**REQUIRED WORK:** Every entry must be transcribed exactly. Pictures are not part of the copy.

**RECORDS SHOWN:**
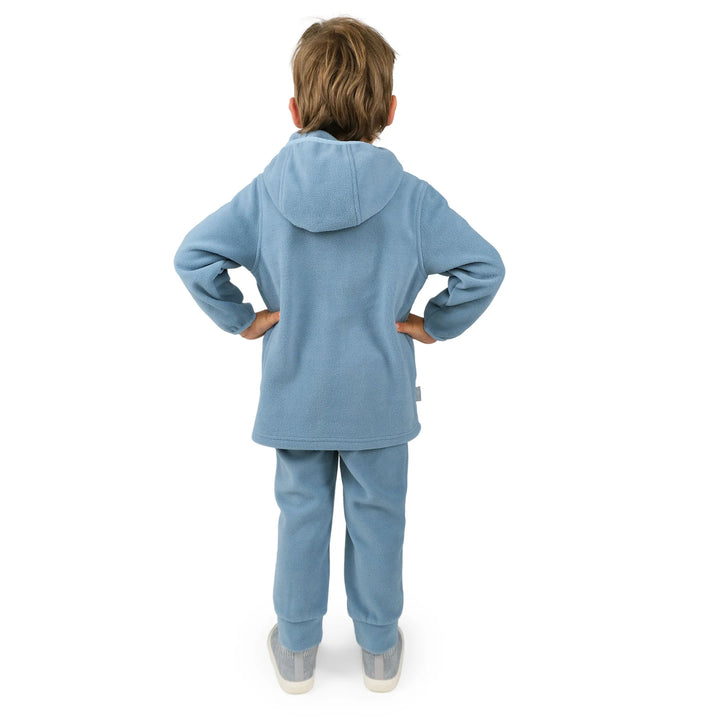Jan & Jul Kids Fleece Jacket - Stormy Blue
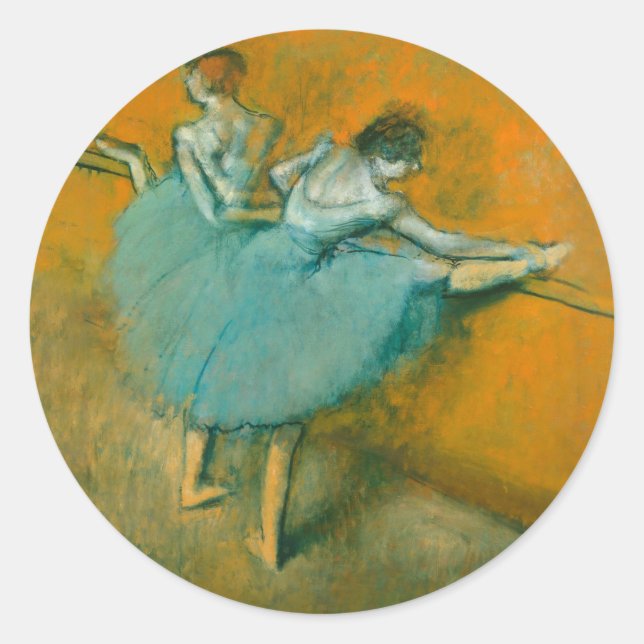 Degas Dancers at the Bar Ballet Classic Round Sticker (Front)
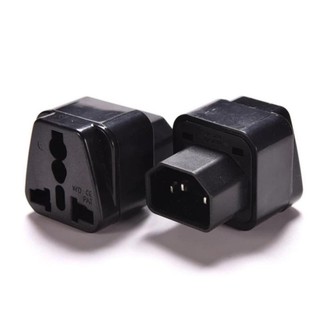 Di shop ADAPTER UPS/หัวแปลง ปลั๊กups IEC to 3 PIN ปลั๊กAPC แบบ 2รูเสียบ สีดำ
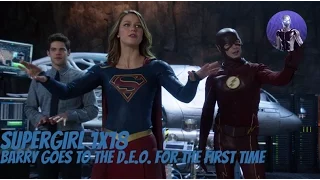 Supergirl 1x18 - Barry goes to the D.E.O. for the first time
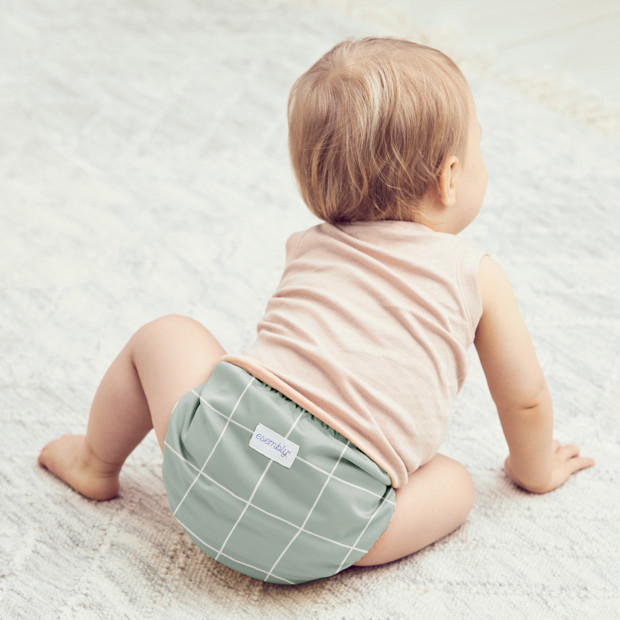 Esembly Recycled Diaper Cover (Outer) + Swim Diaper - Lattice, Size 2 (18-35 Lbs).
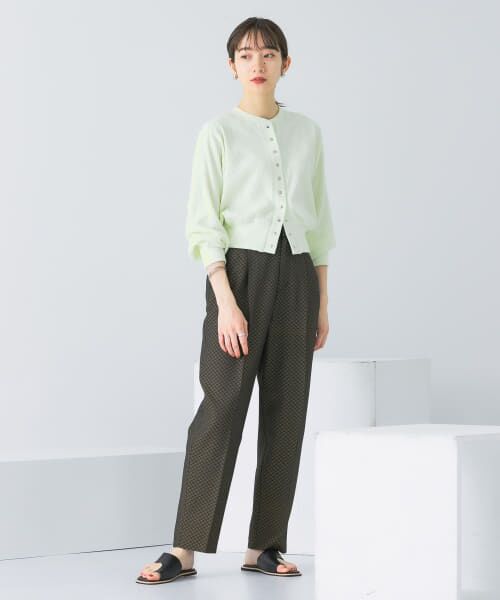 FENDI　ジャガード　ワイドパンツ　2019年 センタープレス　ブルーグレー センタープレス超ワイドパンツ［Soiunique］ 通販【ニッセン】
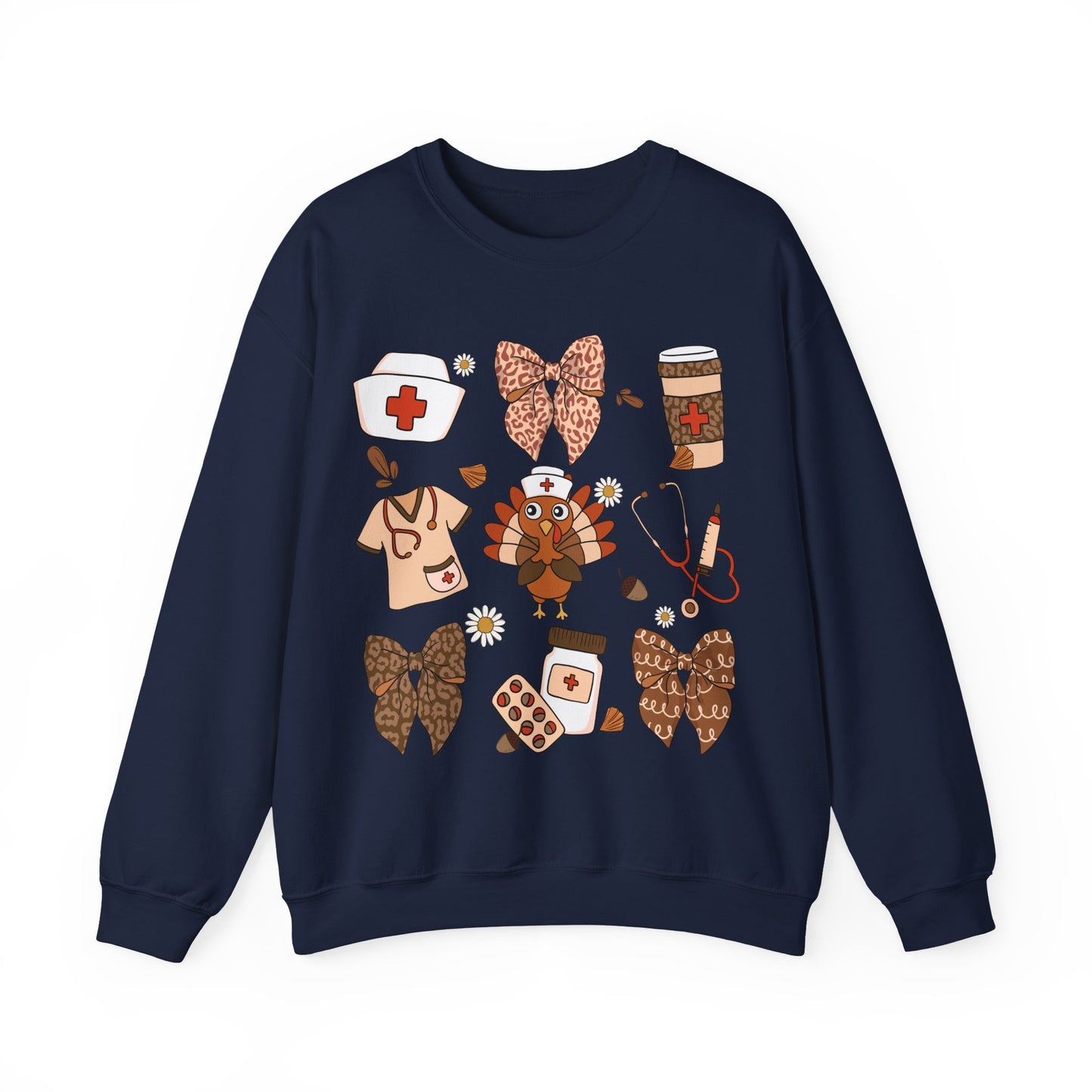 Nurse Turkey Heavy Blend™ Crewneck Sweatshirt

**THE ANSWER:**
Jan & Jul Kids Fleece Jacket - Stormy Blue
 Degas Dancers at the Bar Ballet Classic Round Sticker (Front)
 Di shop ADAPTER UPS/หัวแปลง ปลั๊กups IEC to 3 PIN ปลั๊กAPC แบบ 2รูเสียบ สีดำ
 Supergirl 1x18 - Barry goes to the D.E.O. for the first time
 Esembly Recycled Diaper Cover (Outer) + Swim Diaper - Lattice, Size 2 (18-35 Lbs).
 FENDI　ジャガード　ワイドパンツ　2019年 センタープレス　ブルーグレー センタープレス超ワイドパンツ［Soiunique］ 通販【ニッセン】
 Nurse Turkey Heavy Blend™ Crewneck Sweatshirt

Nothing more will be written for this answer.